Material for the task below:

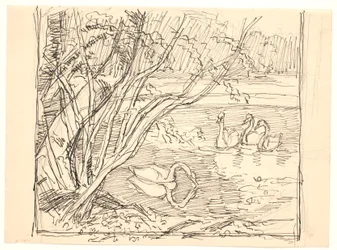 Un lago con cuatro cisnes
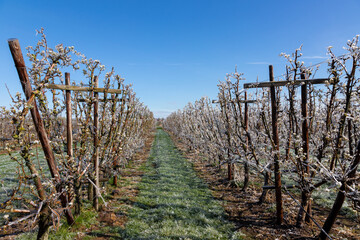 Frozen fruit blossom in a meadow during sunrise on a cold morning in Spring season. The farmers had to irrigate the blooming flowers with water to freeze them and to survive the freezing temperatures.
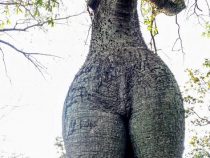 Der Baum mit den Konturen einer Frau gewinnt den 1. Platz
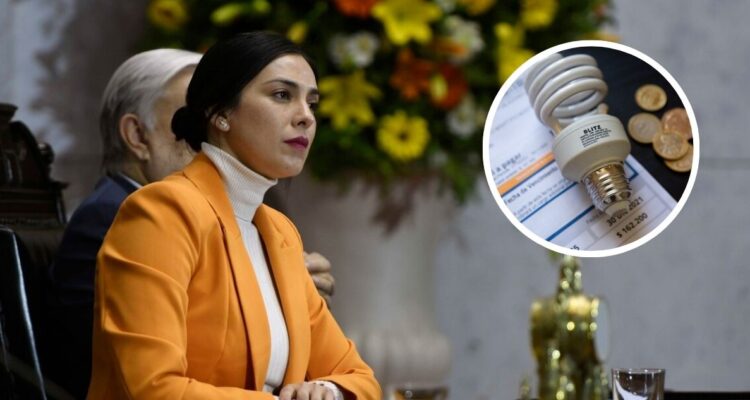 Cariola (PC) pide al Gobierno renegociar contratos ante alza en cuentas de la luz
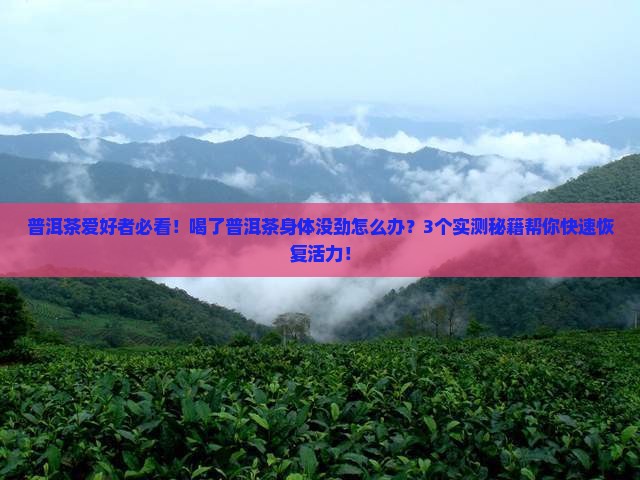 喝了普洱茶身体没劲怎么办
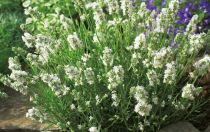 COPIE Lavandula angustifolia \'Aromatica Silver\' : godet 9x9 cm  0,6 litre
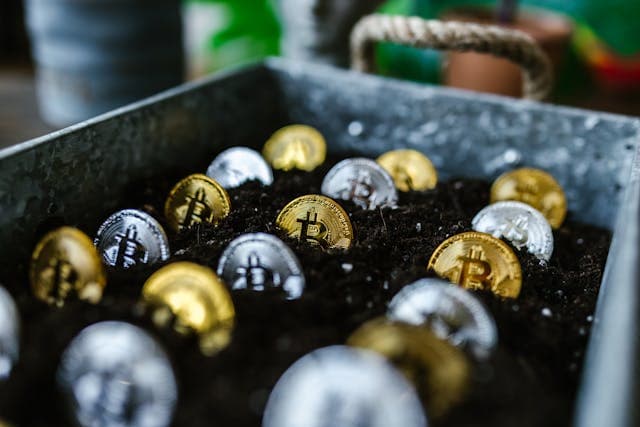 MintDice Blog Post Image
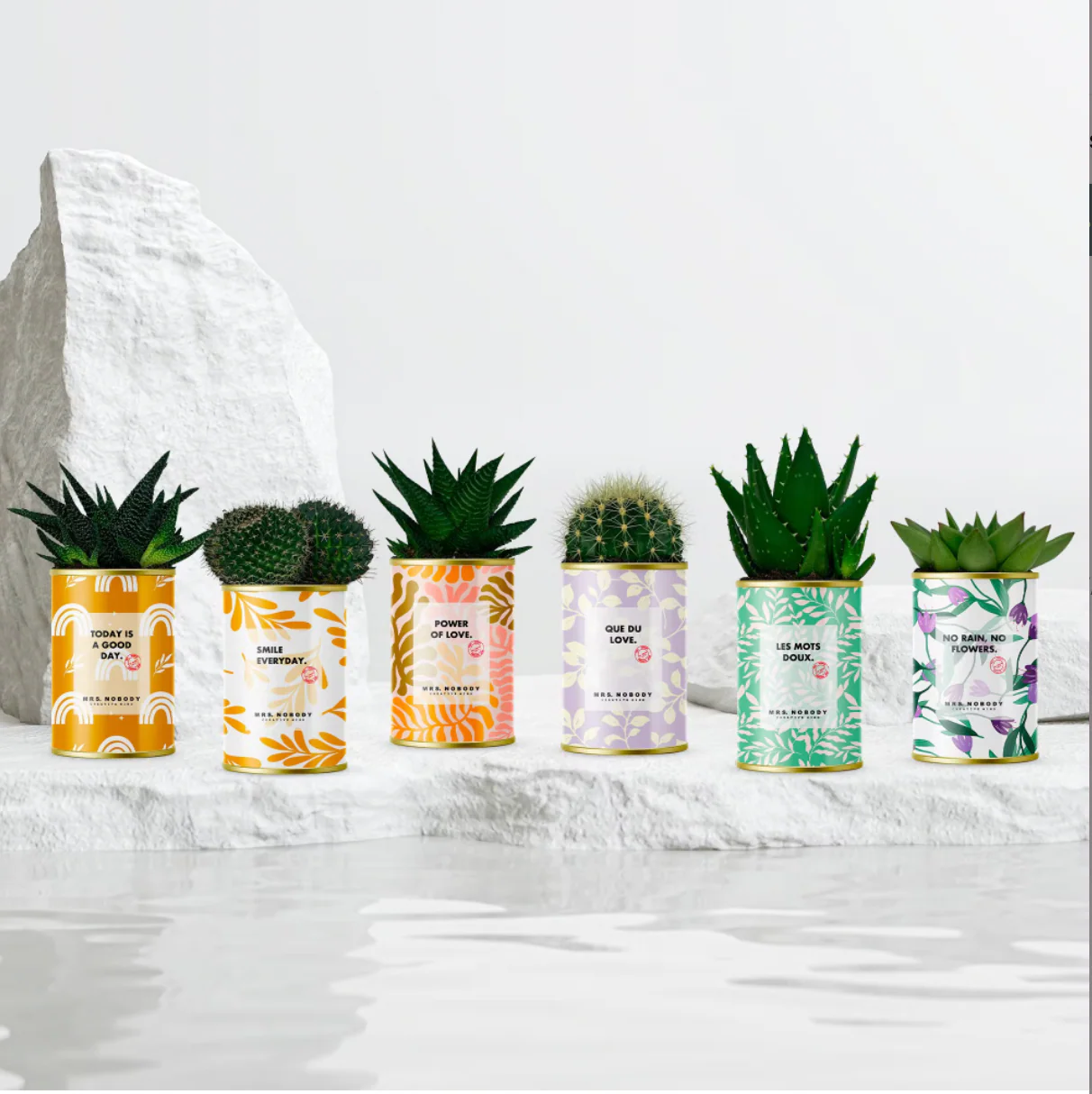 Cactus à message - Nouveaux visuels - Image 2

End of Material for the task.

*Task brief*. The lines to copy run from the line containing "COPIE Lavandula angustifolia" through the end of the data above; copy exactly those, minus the pictures.

*Expected output*.
 COPIE Lavandula angustifolia \'Aromatica Silver\' : godet 9x9 cm  0,6 litre
 MintDice Blog Post Image
 Cactus à message - Nouveaux visuels - Image 2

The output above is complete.